Tomad: 去年の秋ごろですね。1年位前からOL KIllerのマネジメントをされている瀧澤さんに「でっかいところでやりなよ」って声をかけられていて、瀧澤さんは閉館してしまう渋谷のAXを薦めてきたんだけど、さすがにそれはでかすぎるって(笑)。それでLIQUIDROOMでゴールデンウィーク中にやろうと、「山」の前くらいには決めていました。

_収容人数的にはだいたい2倍の規模になりますよね。
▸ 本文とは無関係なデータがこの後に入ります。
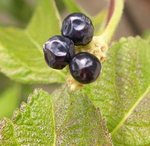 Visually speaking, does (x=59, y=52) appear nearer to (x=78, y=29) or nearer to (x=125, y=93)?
(x=78, y=29)

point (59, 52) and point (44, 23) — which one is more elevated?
point (59, 52)

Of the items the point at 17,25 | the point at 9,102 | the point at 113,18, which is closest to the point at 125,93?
the point at 113,18

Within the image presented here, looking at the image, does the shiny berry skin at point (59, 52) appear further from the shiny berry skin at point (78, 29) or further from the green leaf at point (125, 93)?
the green leaf at point (125, 93)

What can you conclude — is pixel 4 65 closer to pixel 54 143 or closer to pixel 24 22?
pixel 54 143

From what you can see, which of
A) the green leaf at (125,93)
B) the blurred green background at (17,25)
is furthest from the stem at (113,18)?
the blurred green background at (17,25)

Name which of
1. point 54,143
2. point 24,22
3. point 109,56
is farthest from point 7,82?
point 54,143

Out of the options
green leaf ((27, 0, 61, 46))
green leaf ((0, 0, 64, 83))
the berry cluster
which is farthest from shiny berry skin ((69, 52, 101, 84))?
green leaf ((27, 0, 61, 46))
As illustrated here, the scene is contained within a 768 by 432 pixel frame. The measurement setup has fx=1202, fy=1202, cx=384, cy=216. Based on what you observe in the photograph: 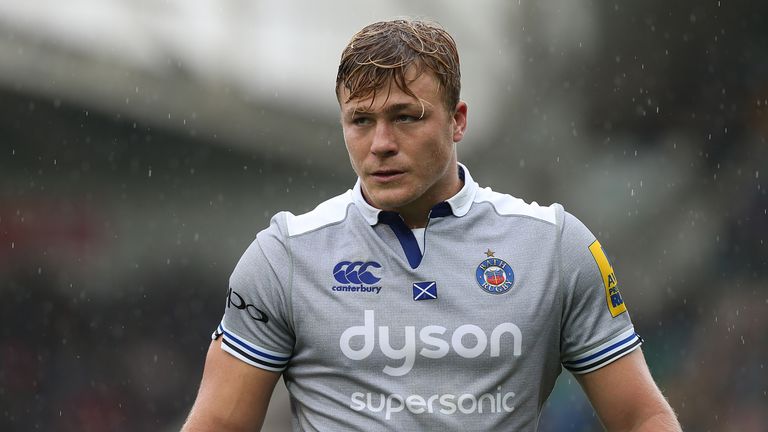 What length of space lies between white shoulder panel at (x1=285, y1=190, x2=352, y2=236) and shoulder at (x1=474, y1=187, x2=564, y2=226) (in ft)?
1.00

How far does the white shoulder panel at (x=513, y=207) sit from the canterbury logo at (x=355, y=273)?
31 centimetres

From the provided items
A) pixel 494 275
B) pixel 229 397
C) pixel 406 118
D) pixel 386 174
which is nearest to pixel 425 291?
pixel 494 275

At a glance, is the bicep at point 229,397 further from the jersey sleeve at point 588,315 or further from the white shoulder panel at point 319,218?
the jersey sleeve at point 588,315

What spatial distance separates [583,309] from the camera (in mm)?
2590

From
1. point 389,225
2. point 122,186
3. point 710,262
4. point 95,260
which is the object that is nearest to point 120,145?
point 122,186

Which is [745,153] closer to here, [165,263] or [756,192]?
[756,192]

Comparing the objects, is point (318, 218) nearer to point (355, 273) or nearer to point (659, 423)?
point (355, 273)

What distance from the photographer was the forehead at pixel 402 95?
2.49 m

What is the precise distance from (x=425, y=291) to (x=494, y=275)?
6.1 inches

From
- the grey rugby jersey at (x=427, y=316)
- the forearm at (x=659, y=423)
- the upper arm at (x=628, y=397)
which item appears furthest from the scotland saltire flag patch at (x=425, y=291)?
the forearm at (x=659, y=423)

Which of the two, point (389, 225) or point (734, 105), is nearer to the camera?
point (389, 225)

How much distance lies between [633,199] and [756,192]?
0.95 meters

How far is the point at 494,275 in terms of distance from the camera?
259 centimetres

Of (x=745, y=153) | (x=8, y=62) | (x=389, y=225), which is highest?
(x=8, y=62) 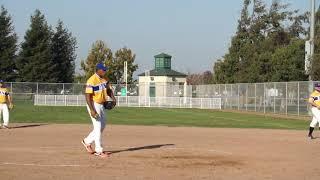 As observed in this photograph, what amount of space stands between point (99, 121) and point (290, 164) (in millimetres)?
4369

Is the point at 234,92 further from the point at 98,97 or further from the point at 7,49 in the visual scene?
the point at 98,97

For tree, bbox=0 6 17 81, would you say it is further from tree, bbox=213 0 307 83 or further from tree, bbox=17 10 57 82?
tree, bbox=213 0 307 83

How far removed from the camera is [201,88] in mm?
67375

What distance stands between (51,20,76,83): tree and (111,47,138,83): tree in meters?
12.2

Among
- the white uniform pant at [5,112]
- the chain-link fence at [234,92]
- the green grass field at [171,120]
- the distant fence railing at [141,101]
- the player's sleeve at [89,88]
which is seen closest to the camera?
the player's sleeve at [89,88]

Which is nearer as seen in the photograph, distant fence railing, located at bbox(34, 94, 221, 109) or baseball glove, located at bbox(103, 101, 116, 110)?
Answer: baseball glove, located at bbox(103, 101, 116, 110)

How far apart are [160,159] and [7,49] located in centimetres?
6322

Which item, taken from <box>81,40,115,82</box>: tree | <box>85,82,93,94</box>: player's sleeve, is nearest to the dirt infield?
<box>85,82,93,94</box>: player's sleeve

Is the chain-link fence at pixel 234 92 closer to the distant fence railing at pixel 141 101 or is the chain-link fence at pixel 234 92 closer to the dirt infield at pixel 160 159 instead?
the distant fence railing at pixel 141 101

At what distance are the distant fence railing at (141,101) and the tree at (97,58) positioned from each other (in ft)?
94.3

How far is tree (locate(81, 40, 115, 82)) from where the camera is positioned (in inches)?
3575

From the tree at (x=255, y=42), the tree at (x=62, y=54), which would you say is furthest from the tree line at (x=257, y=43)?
the tree at (x=62, y=54)

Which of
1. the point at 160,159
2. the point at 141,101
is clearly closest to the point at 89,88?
the point at 160,159

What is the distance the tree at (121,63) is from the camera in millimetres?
93875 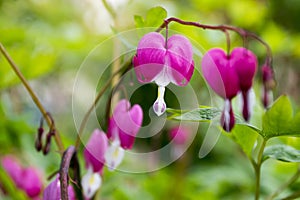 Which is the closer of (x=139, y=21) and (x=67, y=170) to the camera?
(x=67, y=170)

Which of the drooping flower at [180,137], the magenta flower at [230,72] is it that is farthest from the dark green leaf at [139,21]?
the drooping flower at [180,137]

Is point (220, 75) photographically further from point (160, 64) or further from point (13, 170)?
point (13, 170)

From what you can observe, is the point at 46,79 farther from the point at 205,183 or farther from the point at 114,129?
the point at 114,129

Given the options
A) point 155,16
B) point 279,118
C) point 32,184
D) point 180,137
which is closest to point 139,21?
point 155,16

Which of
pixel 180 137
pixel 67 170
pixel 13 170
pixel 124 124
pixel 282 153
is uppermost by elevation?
pixel 67 170

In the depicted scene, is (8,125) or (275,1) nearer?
(8,125)

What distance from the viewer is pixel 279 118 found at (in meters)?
0.86

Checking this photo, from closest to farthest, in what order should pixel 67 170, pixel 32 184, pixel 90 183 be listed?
pixel 67 170, pixel 90 183, pixel 32 184

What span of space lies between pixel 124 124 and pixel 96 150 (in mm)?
73

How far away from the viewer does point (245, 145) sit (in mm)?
999

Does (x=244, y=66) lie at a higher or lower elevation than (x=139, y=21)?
lower

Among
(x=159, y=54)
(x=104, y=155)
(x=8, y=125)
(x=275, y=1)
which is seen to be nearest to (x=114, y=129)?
(x=104, y=155)

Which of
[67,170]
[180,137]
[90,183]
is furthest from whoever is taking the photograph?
[180,137]

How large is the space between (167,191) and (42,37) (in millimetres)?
800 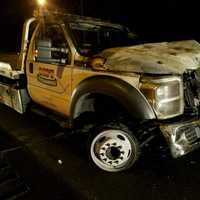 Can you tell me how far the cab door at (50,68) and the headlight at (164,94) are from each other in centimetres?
129

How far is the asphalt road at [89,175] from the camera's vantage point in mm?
3061

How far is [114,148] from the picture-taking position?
3443mm

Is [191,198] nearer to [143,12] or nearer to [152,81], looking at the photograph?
[152,81]

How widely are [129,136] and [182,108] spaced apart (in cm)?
72

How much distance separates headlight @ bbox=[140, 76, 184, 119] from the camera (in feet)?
9.87

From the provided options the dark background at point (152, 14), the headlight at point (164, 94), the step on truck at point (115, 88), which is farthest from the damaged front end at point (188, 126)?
the dark background at point (152, 14)

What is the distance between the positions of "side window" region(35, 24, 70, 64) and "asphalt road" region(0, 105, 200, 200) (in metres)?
1.38

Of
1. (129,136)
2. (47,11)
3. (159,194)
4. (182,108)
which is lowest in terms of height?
(159,194)

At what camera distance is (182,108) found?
3199 mm

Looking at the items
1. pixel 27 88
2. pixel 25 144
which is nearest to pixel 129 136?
pixel 25 144

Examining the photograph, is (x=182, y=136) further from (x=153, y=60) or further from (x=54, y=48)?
(x=54, y=48)

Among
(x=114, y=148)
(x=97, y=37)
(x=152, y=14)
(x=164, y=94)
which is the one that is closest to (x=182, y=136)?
(x=164, y=94)

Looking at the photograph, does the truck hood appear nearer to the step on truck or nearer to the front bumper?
the step on truck

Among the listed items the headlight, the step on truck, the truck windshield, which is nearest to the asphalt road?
the step on truck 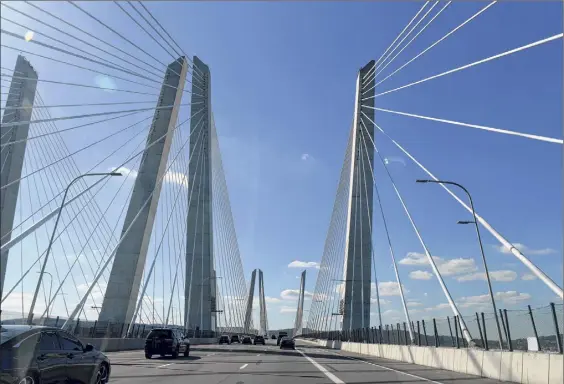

前回の「山」は森下さんと共同で企画されたイベントでしたが、「東京」はtomadさん単独によるものということで、「山」との差別化で意識したことを教えてください。

Tomad: 「山」は元々は代官山UNITとかでやりたかったんですが、うまく取れなくて。それで渋谷WWWになったんですが、WWWはライブハウス寄りなので踊りづらいという部分がありました。それにあくまでEYƎさんがメインであって、マルチネ色があまり強く出てはいなくて。そういったところから今回の「東京」は“本気のやつやっときたい”っていう気持ちが強くて。でも風営法などでオールナイトのイベントも厳しくなってきてるので、デイイベントにすることで未成年も来れるような、開かれたイベントを意識しました。

_「山」が玄人向けであったならば「東京」は、様々な層に向けて開かれていて、またbo enが出演することもありポップさが全面に出ているなと感じました。bo enやMEISHI SMILEといった海外アーティストをブッキングするに至った経緯はどういったものでしたか?

Tomad: MEISHI SMILEの場合は向こうからデモが送られてきました。最初は関心を持たなかったんですが、自分自身で〈ZOOM LENS〉というレーベルも主宰していて、調べてみると結構興味深い活動をしていたんです。それで去年〈Maltine Records〉からアルバムをリリースさせてもらいました。普段はエモーショナルなエレクトロミュージックを作っているのに、〈Maltine Records〉に合わせた日本語ネタ、dj newtownの影響を感じるカットアップを使ったアルバムで、そういう一面もあって面白いなと思いました。

_なるほど。たしかにMEISHI SMILEのミックスはロックの早回しを使ったり、シューゲイザーっぽい雰囲気がある感じがしました。そういった幅広い音楽性が〈Maltine Records〉の雰囲気にあっていた、ということでしょうか。

Tomad: それに、MEISHI SMILEは結構な反骨精神を持っていて。戸川純が好きだったり、神聖かまってちゃんに影響を受けているらしいです。あと日本人の血が混じっているみたいで、日本のカルチャーに強い興味を持ってますね。

_一度お話してみたいです(笑)。ではbo enは?

Tomad:FOGPAK』を聴いていたらbo enが拙い日本語で歌う「miss you」が流れてきてすごい衝撃を受けて、それですぐに英語で連絡を取りました。普通に日本語で返事がきましたけど(笑)。その後もしばらく連絡を取っていて、深夜3時頃になるとYouTubeにある全然知らない渋谷系の音楽や日本のミュージカルを送ってくるようになって。向こうではその時間帯がピーク時みたいで、朝まで付き合わされてたりしました。

_「東京」の構想段階から二人を呼ぼうと考えていたのですか。

Tomad: 日本のカルチャーに影響を受けているアーティストがいるんだなって気づいて、イベントに呼びたかった。でも二人ともお互いに会ったことがなくて、その舞台を用意するのも東京でやりたかったことのひとつです。他にもいろいろと声をかけたんですが、最終的には〈Maltine Records〉からリリースした二人が来てくれることになりました。

_文化の発信地としての東京という意味で次世代の音楽が一堂に会する事となる「東京」ですが、イベント名を「東京」としたのはどういう経緯なのですか?

Tomad: 凝ってないけどインパクトのある名前にしたくて、ギャグなのかベタなのかわからなくしたかったんです。お洒落なサブカル感みたいなものを覚える人もいるだろうけど、個人的には結構ギャグ要素もあったりして、それが混ざってよくわからなくなるような(笑)。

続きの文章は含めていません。